• _PROBLEM TO WORK ON_:
Exactly as written, set down each line of the data below except its pictures.

• _Saved entries_:
——

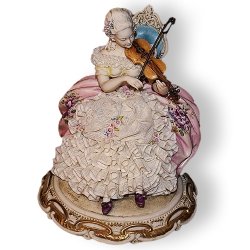 Статуэтка из фарфора Дама со скрипкой
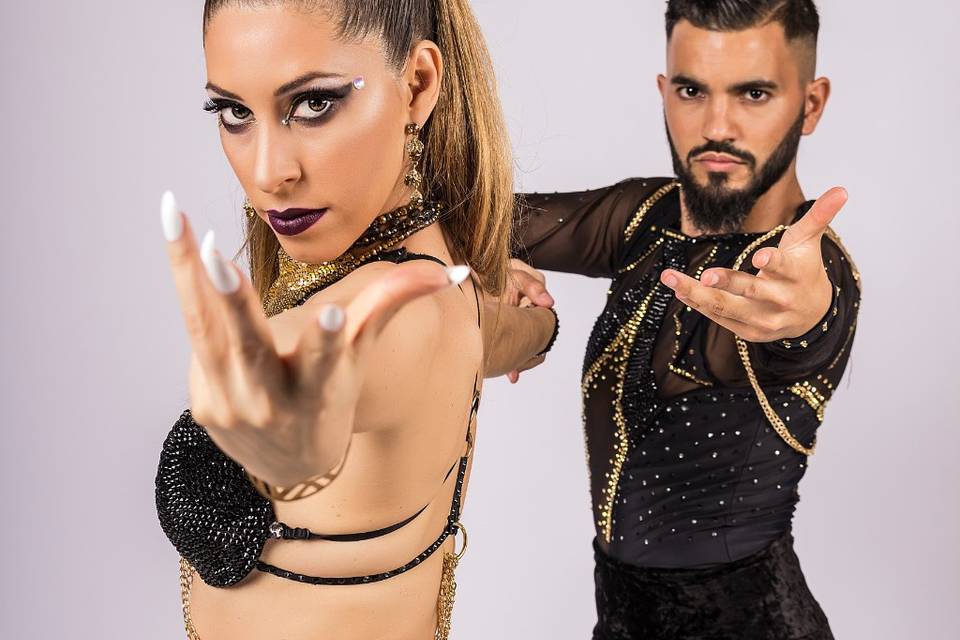 Bailarines latinos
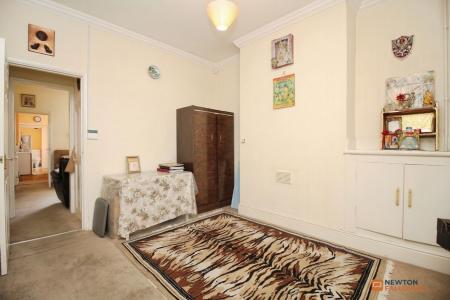 2 bedroom Terraced House for sale in Wilberforce Road, Leicester, LE3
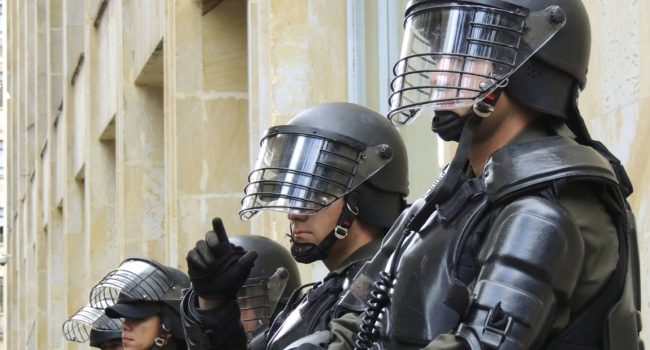 ‘Politiebond roept op: eredivisie zonder publiek’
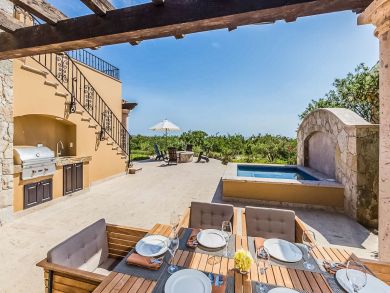 Amazing Sunset Views from this Vacation Villa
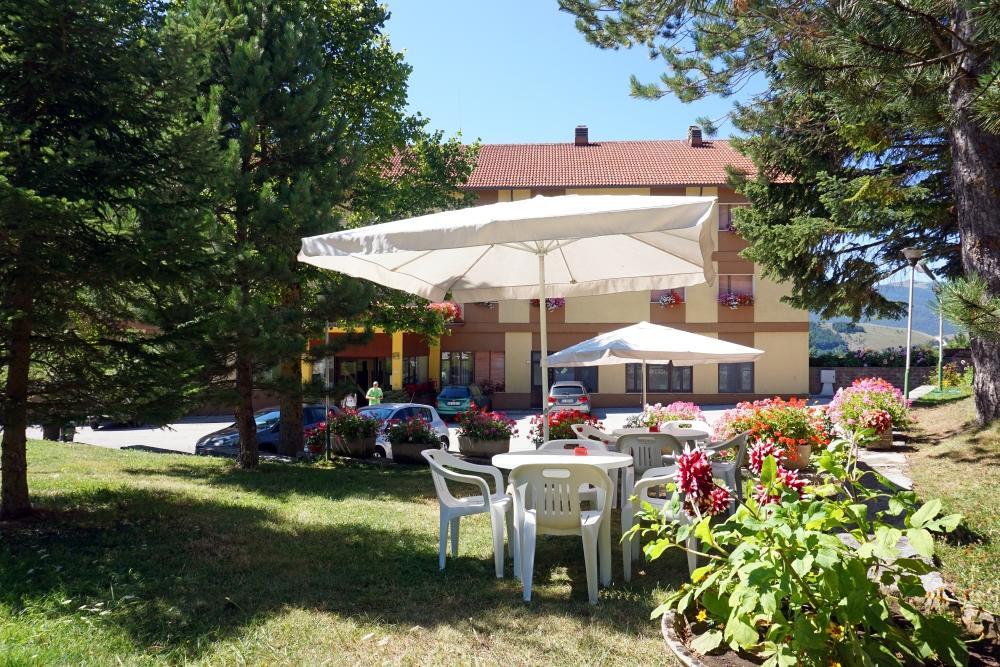 Family Hotel Como Rivisondoli Exterior foto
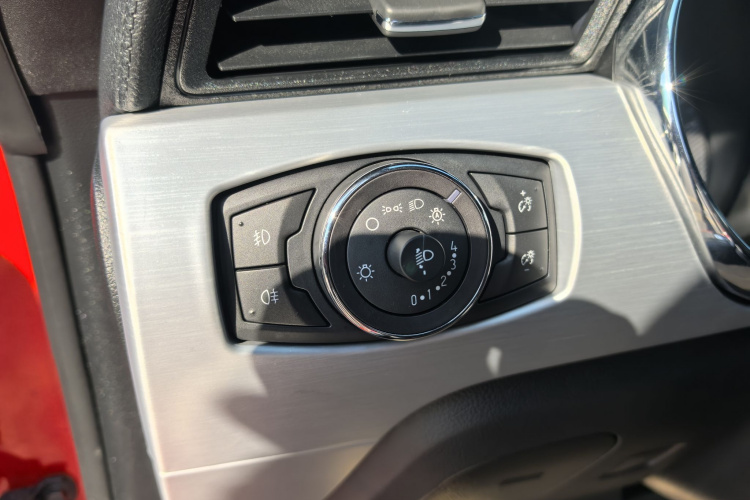 福特 Mustang 2017款 2.3T 性能版中控内饰7006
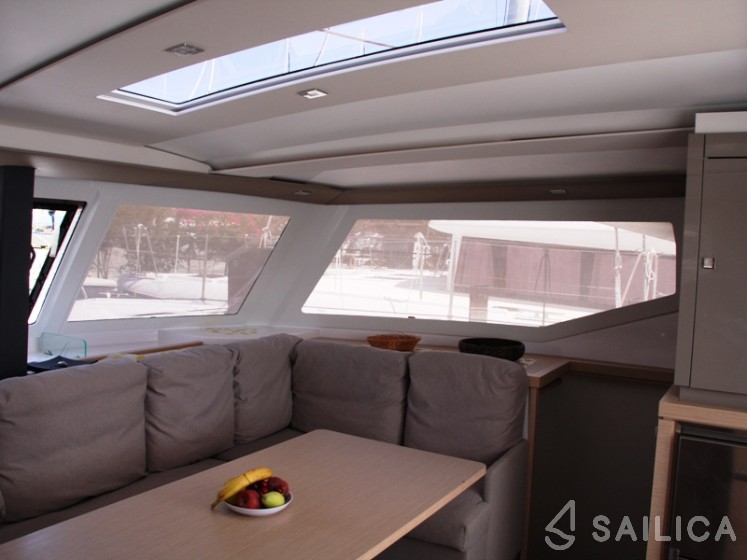 Lucia 40 - Yacht Charter Sailica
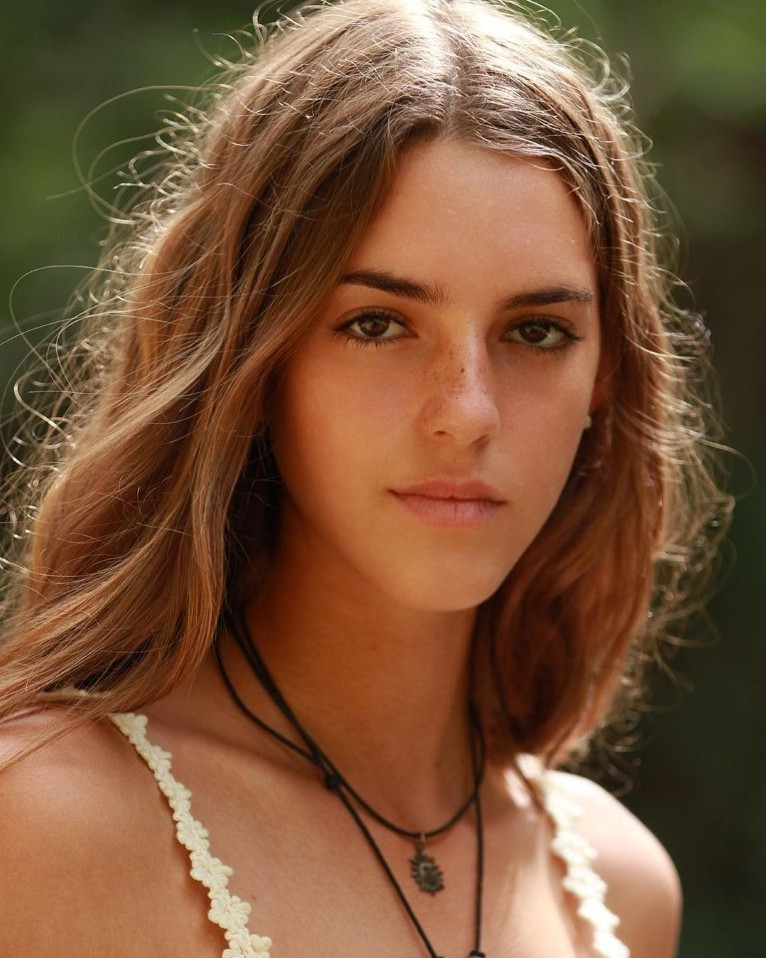Emily Feld Nude Porn Pics | xPicsly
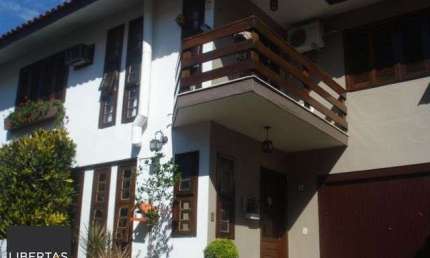 Casa em Condomínio à Venda no Bairro Tristeza – Zona Sul de Porto Alegre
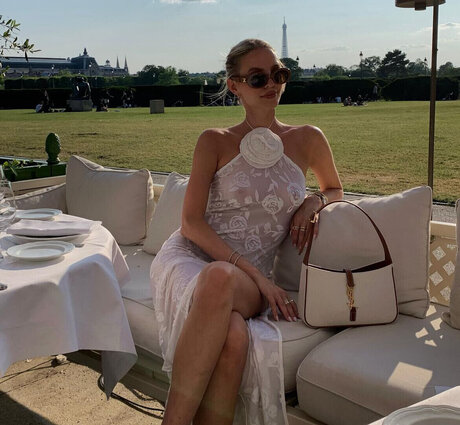 Naken läckt OnlyFans-bild av Leonie Hanne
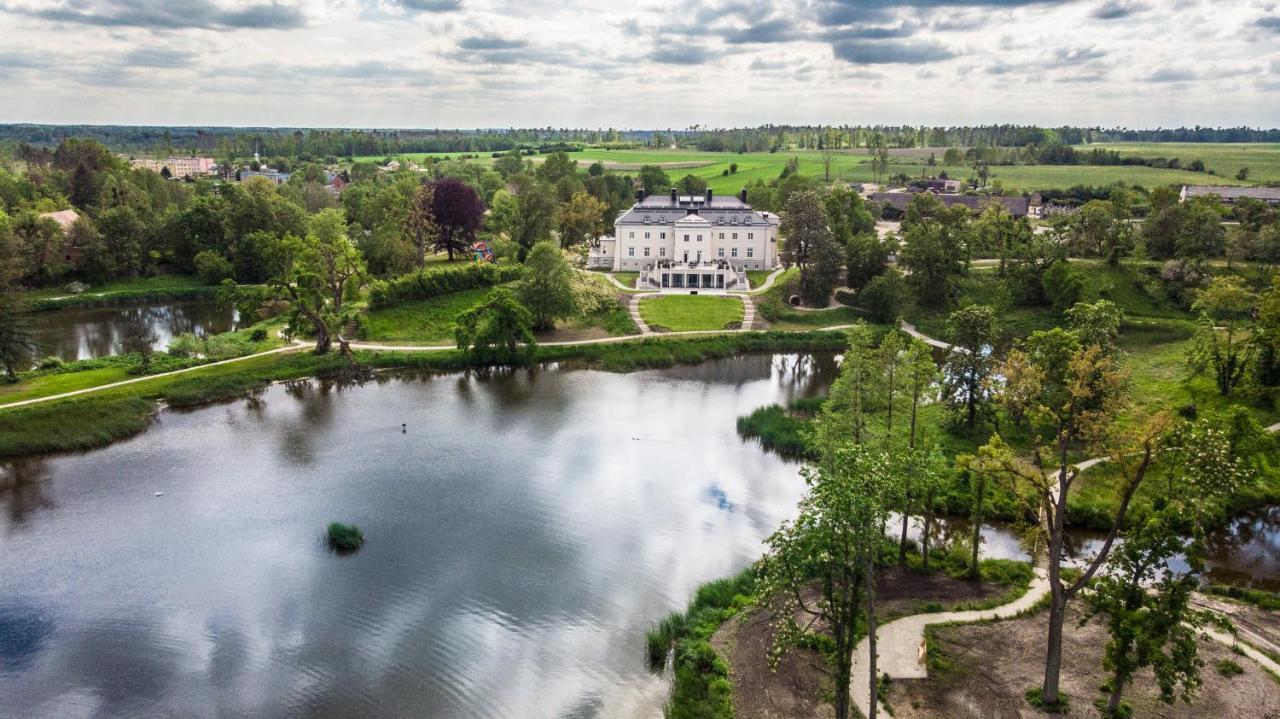 Palac Komierowo Sępólno Krajeńskie Exterior foto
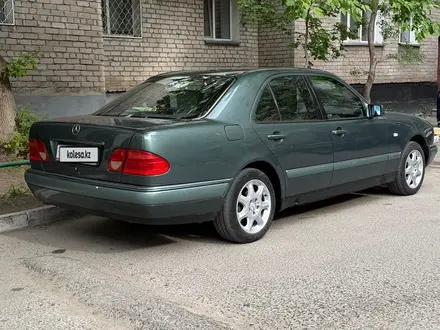 Mercedes-Benz E 200 1995 года за 2 200 000 тг. в Павлодар – фото 2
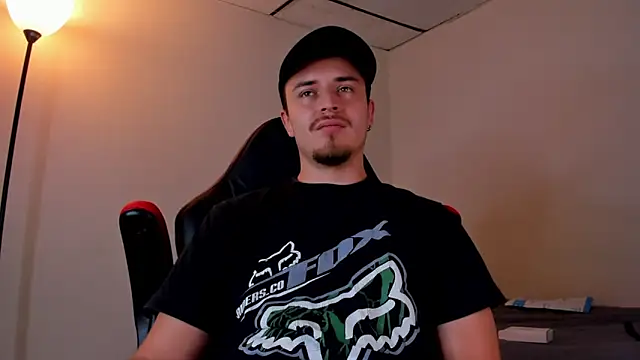 Snapshot of james_connor2 chatting on 03-09-25, 06:43 james connor2 online show from 03-09-25, 06:43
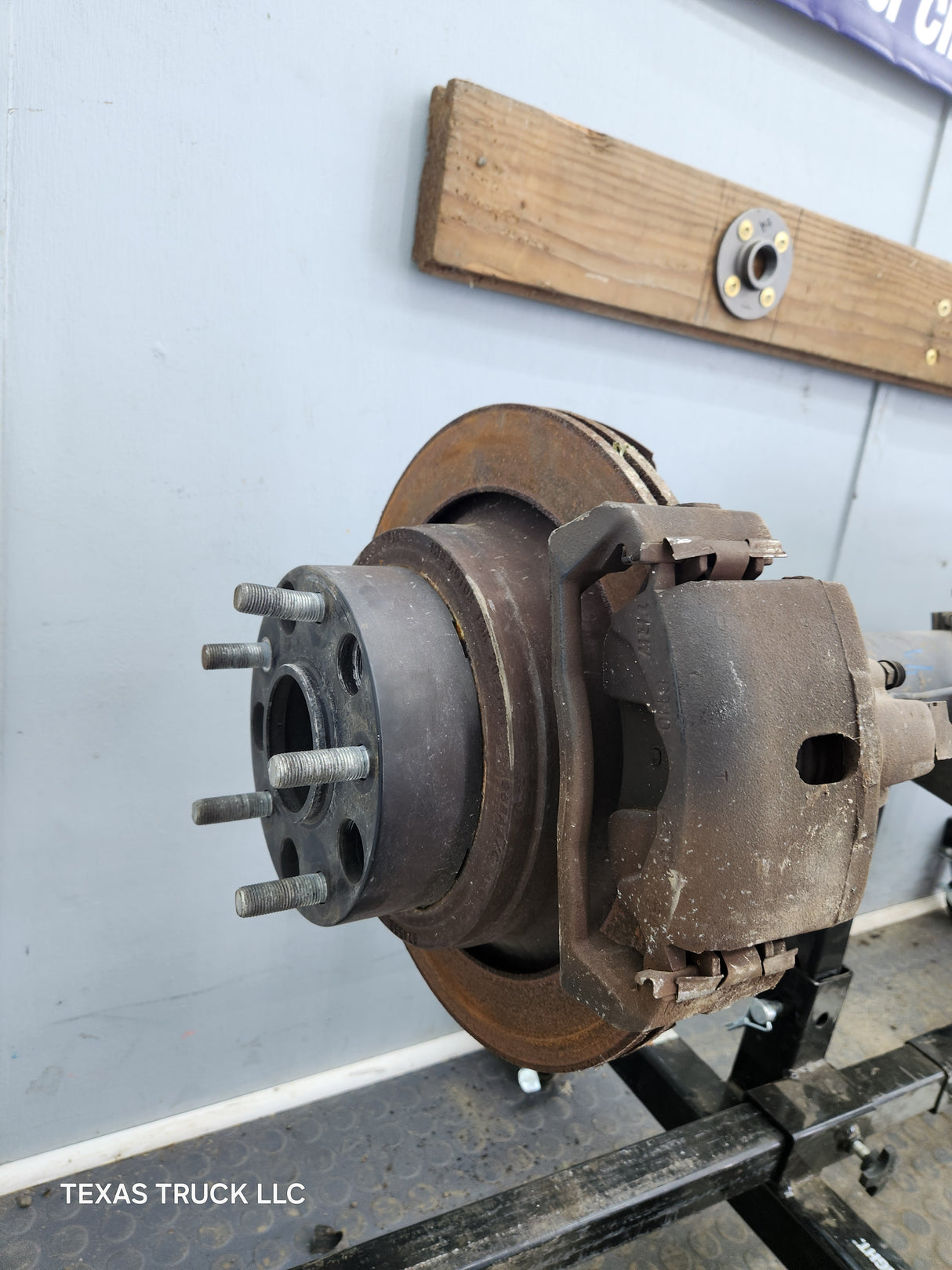 2006-2008 Dodge Ram 1500 Rear Axle 3.92 Gear Ratio 3rd Gen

——

• _OUTPUT_:
 Статуэтка из фарфора Дама со скрипкой
 Bailarines latinos
 2 bedroom Terraced House for sale in Wilberforce Road, Leicester, LE3
 ‘Politiebond roept op: eredivisie zonder publiek’
 Amazing Sunset Views from this Vacation Villa
 Family Hotel Como Rivisondoli Exterior foto
 福特 Mustang 2017款 2.3T 性能版中控内饰7006
 Lucia 40 - Yacht Charter Sailica
Emily Feld Nude Porn Pics | xPicsly
 Casa em Condomínio à Venda no Bairro Tristeza – Zona Sul de Porto Alegre
 Naken läckt OnlyFans-bild av Leonie Hanne
 Palac Komierowo Sępólno Krajeńskie Exterior foto
 Mercedes-Benz E 200 1995 года за 2 200 000 тг. в Павлодар – фото 2
 Snapshot of james_connor2 chatting on 03-09-25, 06:43 james connor2 online show from 03-09-25, 06:43
 2006-2008 Dodge Ram 1500 Rear Axle 3.92 Gear Ratio 3rd Gen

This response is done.